Vance fails to meet Listing 11.17A because the medical evidence does not show that she had significant and persistent disorganization of motor function in two extremities. In March 2011, Dr. Dugan, a neurologist, reported that although Vance complained that her right leg would give out, her spinal discs were benign, the strength in her extremities was good, and her reflexes were symmetrically brisk. An April 2011 appointment showed that although she used a cane and her gait was slightly wide based, Vance's motor function was largely intact with no atrophy or fasciculation. She was able to stand up from a chair without assistance, and she had good strength in her extremities despite some decrease in sensation. A neurological follow-up showed that Vance's knee and ankle reflexes were intact, that her strength was good, and that her falls did not appear to have a neurological cause. A magnetic resonance image of Vance's spine in May 2011 showed no anomalies or pathology, and further examination of her right lower extremity revealed no abnormalities. In June 2011, Dr. Wisco, a neurologist, diagnosed Vance with myelopathy versus conversion disorder, but Dr. Wisco's testing at the time showed that Vance's neurological and motor function and gait were largely unchanged from April. At an appointment in January 2012, Vance displayed slightly improved motor function from June 2011, and her reflexes increased in all extremities symmetrically. Her gait was narrow based, but she was able to maneuver with a walker with little difficulty. A reasonable mind could find the record supports the ALJ's determination that Vance does not meet Listing 11.17A.
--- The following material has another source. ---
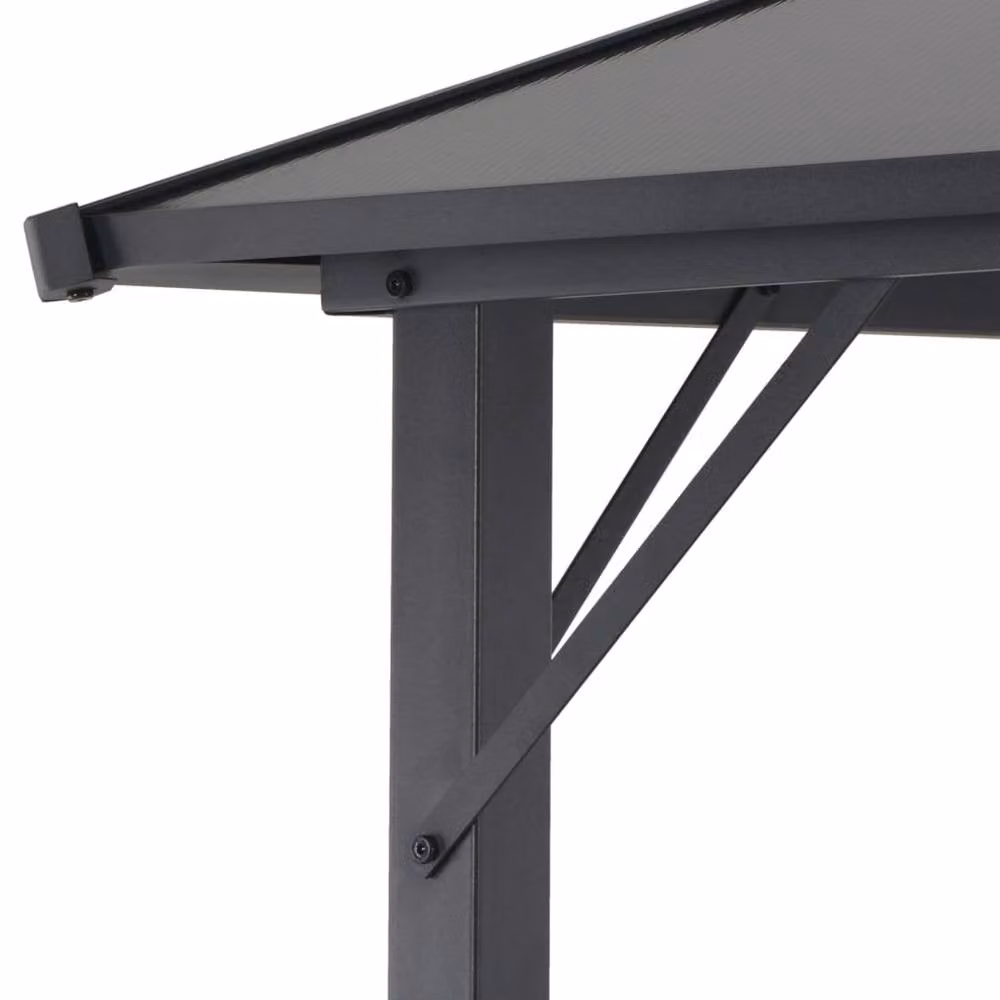 Berkfield Home Aluminium Gazebo with Roof, Black, W/D/H: 300 x 300 x 260 cm – 3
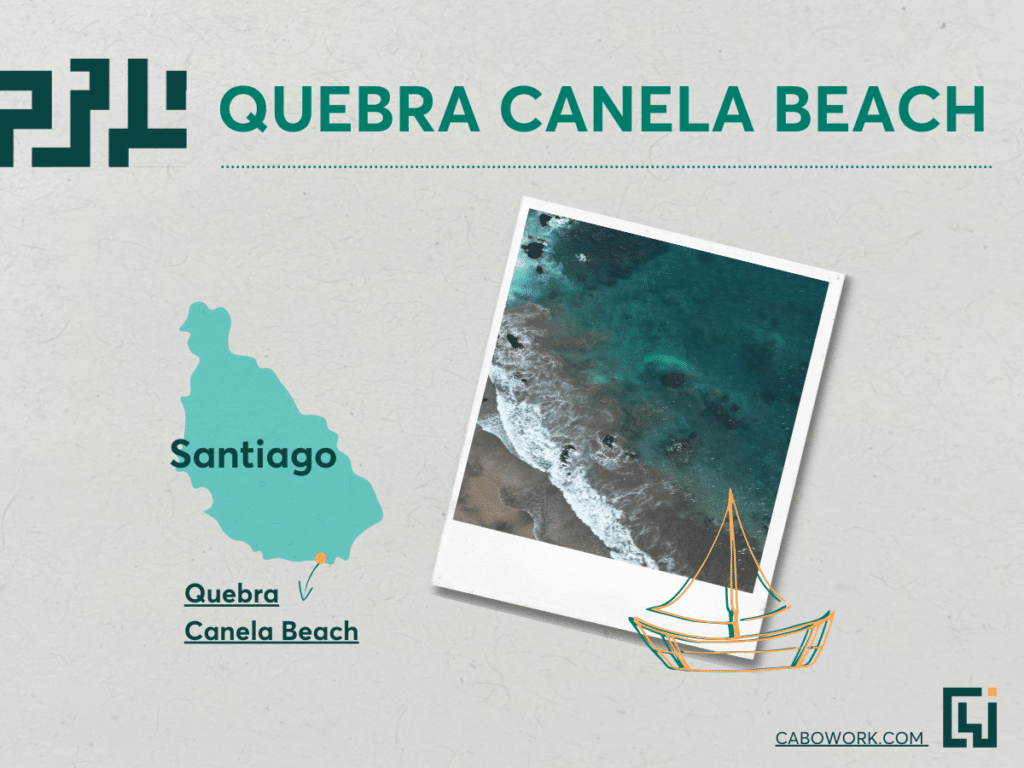 Quebra Canela - Most famous beaches in Cape Verde.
Vance complains that the ALJ erred in finding that she did not meet the requirements for mental retardation under Listing 12.05C. Listing 12.05C states:

12.05 Mental Retardation: Mental retardation refers to significantly subaverage general intellectual functioning with deficits in adaptive functioning initially manifested during the developmental period; i.e., the evidence demonstrates or supports onset of the impairment before age 22.

The required level of severity for this disorder is met when the requirements in A, B, C, or D are satisfied.

C. A valid verbal, performance, or full scale IQ of 60 through 70 and a physical or other mental impairment imposing an additional and significant work-related limitation of function;

20 C.F.R. Pt. 404, Subpt. P, App. 1, § 12.05C (2011) (revised Sept. 3, 2013, to refer to “intellectual disability” rather than “mental retardation”).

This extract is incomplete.